Wednesday, December 22, 2004

It’s late and I’m exhausted. We woke up before 6am—the legacy of jetlag—and we just arrived back at her parent’s condo at 9pm. Luckily, most of what we did is meticulously recorded in our photographs. I only need to add a few tidbits to round out the day.

After eating our customary bakery breakfast, we went with Doolies’s mother to a studio to watch her rerecord the introduction and conclusion for a weekly lecture given by the Master Teacher for her satellite television station. The studio had many cool switches and levers, and Doolies wouldn’t let me play with any of them.

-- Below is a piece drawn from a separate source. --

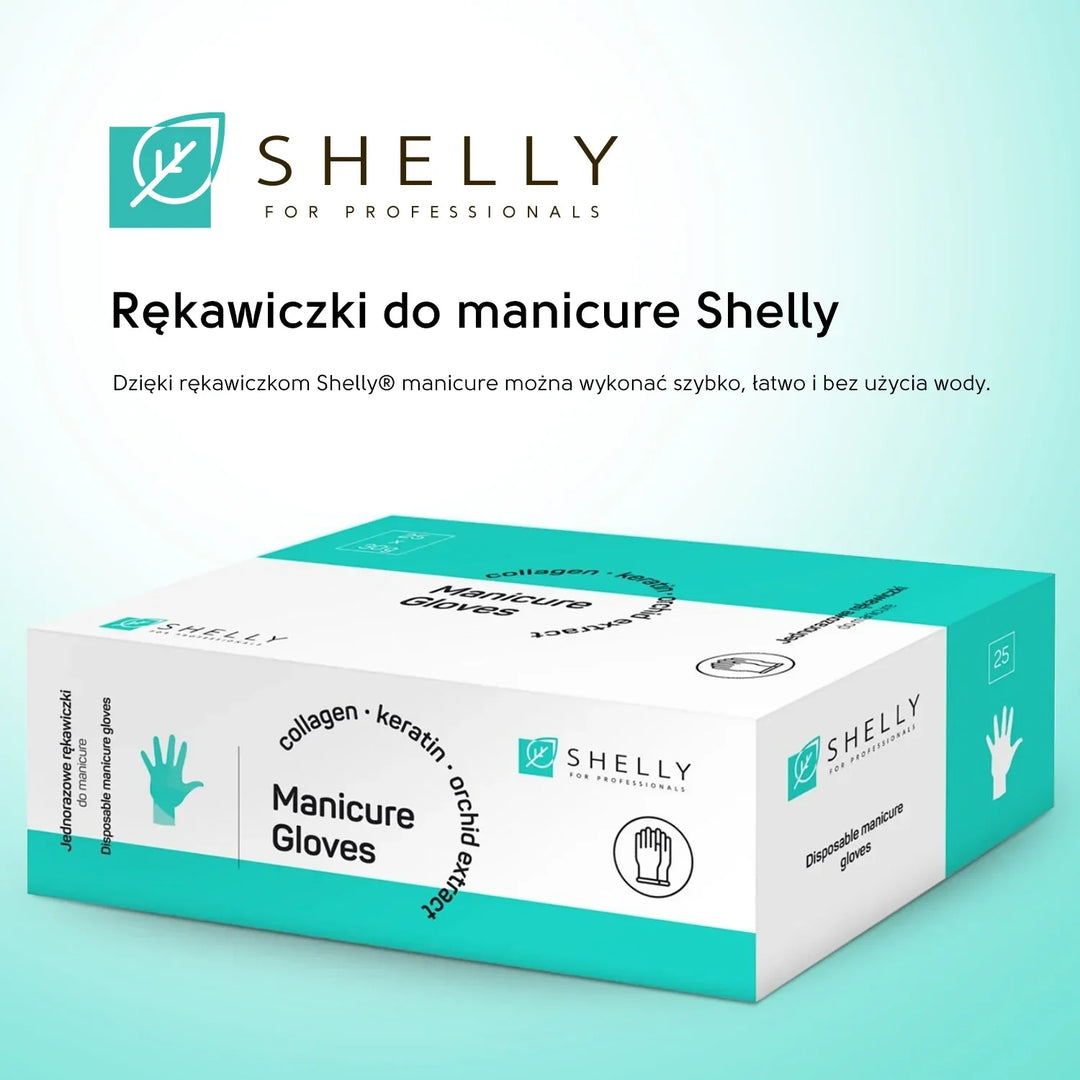 SHELLY Manikúrní rukavice, 25 ks – fotka 2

After ten takes of each section, I think she finally nailed it. When she made a mistake or didn’t like the take, she’d say, “NG,” meaning not good. I think it is secret Hollywood talk. In my estimation (since I’m in an estimating-type mood), I thought she nailed it after the first take, but what do I know, she was speaking Chinese after all. When I say ten takes, I wasn’t counting the rewinds when she made actual mistakes—just the finished NG versions. Ten of them. We spent at least eight of the recordings wandering the streets near the studio, where Doolies found a shopping area. I dodged shopping with Doolies and her mother yesterday by feigning it was my birthday, and she went without me to spend her mother’s money buying a third wardrobe. I wasn’t as lucky today, and while it was still early when we found the shopping area, many of the smaller stores were already opened. Man, I can’t even do shopping humor right tonight. You should give up now, nothing interesting here. I can’t seem to throw my brain into a gear, the engine is revving but I ain’t moving. And, as an added bonus, I couldn’t bear reading it after I finished, so you’re reading a low energy musing with no edits. Talk about lucky! (I think I used that line yesterday.)

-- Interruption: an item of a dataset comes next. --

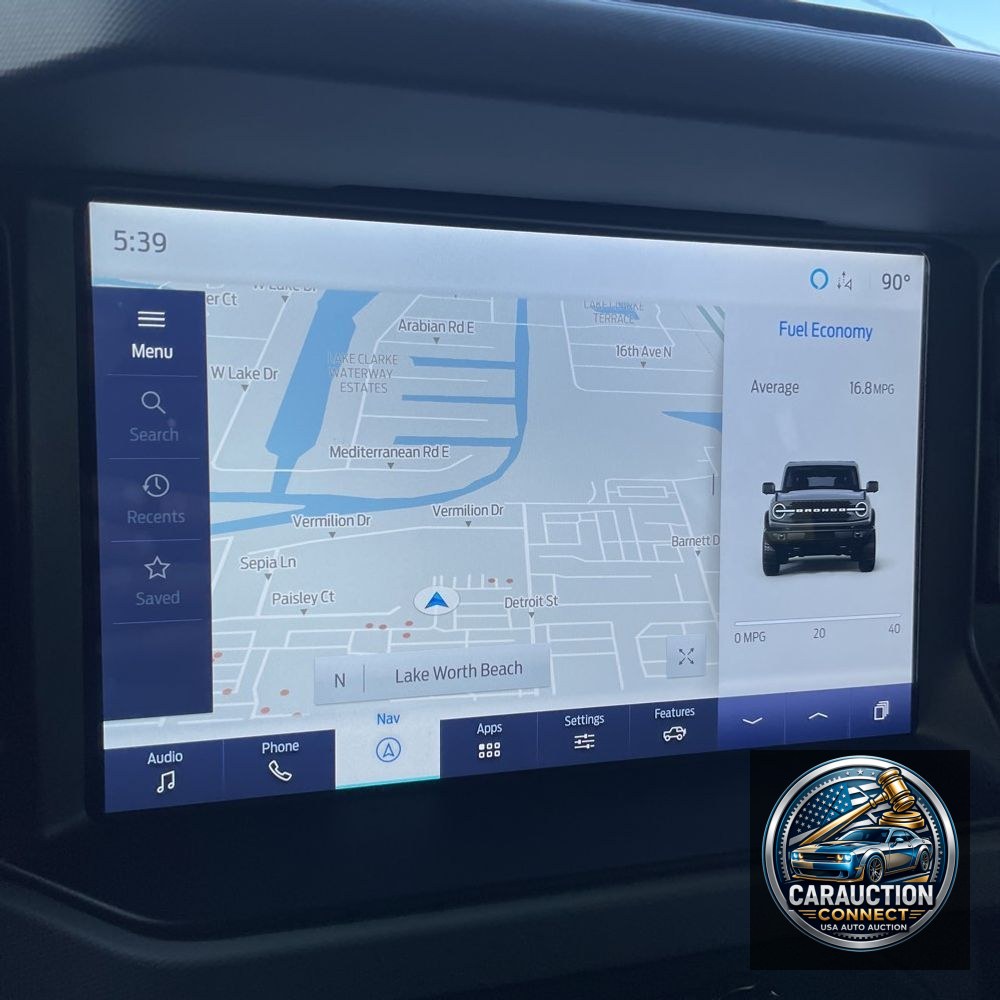 2023 Ford Bronco Badlands Advanced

We were driven to the studio by two camera guys from the television office. They ended up accompanying us through the rest of the day. One of them, I’ll call him droopy dog, took most of the photographs you’ll see. Droopy Dog spent fifteen years in Queens, NY. Although I assume he spoke flawless English, he was quiet. While the driver and main camera guy was polite, helpful, and easy to laugh, Droopy Dog was the opposite. He grunted and did little. We were able to get out of him that he was very happy to return to Taiwan from the states. Contrast this with a young kid we saw in the evening. He went out of his way to greet me, the white man who speaks English (there we go, while this musing is painful to write (and I’m sure read), at least I won’t forget which language I speak today). He said, “Where you from.” I told him Seattle. “I’m from LA,” he thought a moment. “We’re both west coasters. West coast, represent!” Okay, I made up the represent part, but it was strange how proud he was to be an Asian American visiting Taiwan. He wanted everyone, including the tall white dude, to know that, no, he wasn’t like the people around him, he was from America. Maybe I’m reading too much into it. It’s been a long day.

We ate dinner at a local hotel—Doolies’s parents eat many meals at this hotel, which offers seven different dining experiences, ranging from Cantonese to Japanese to Taiwanese to Western to some other stuff I can’t remember—and one of the courses they ordered was Drunken Chicken. Doolies’s grandmother made this dish for me before. It’s like chicken soup mixed with a gallon of rice wine. It’s as tasty as it sounds—if you’re an alcoholic. But Doolies’s father really enjoys it, and they cook it at the table in the hotel. Being the polite guest that I am, I took a bowl full, ate the yummy noodles, and picked at the chicken. One of my rules of eating is that I believe if food is prepared for me, I shouldn’t have to do work to eat it. I’m willing—not happy but willing—to cut meat where necessary, but don’t ask me to put together fajitas or peel shrimp. There’s a reason I go out to eat, and it’s not to have to prepare my own food. The chicken in the Drunken Chicken soup is on the bone, either small, attached legs, wings, or other various chopped up parts. Not only are they soaking in the rice wine, but they’ve been soaking in it for some time, creating a highly flammable and alcoholic chicken, which also happens to be dry. I nibbled a bit, manipulated my soup so it look like I ate more than I did, and stopped eating it to focus on the more delicious aspects of dinner. After Doolies told her mother that I did not want any more chicken because I didn’t even eat the chicken in my bowl, she promptly ordered me a fork and knife, sure that western utensils would make the chicken more palatable. The serving lady didn’t have to look to see where the utensils were going, like it’s not bad enough I’m a white guy.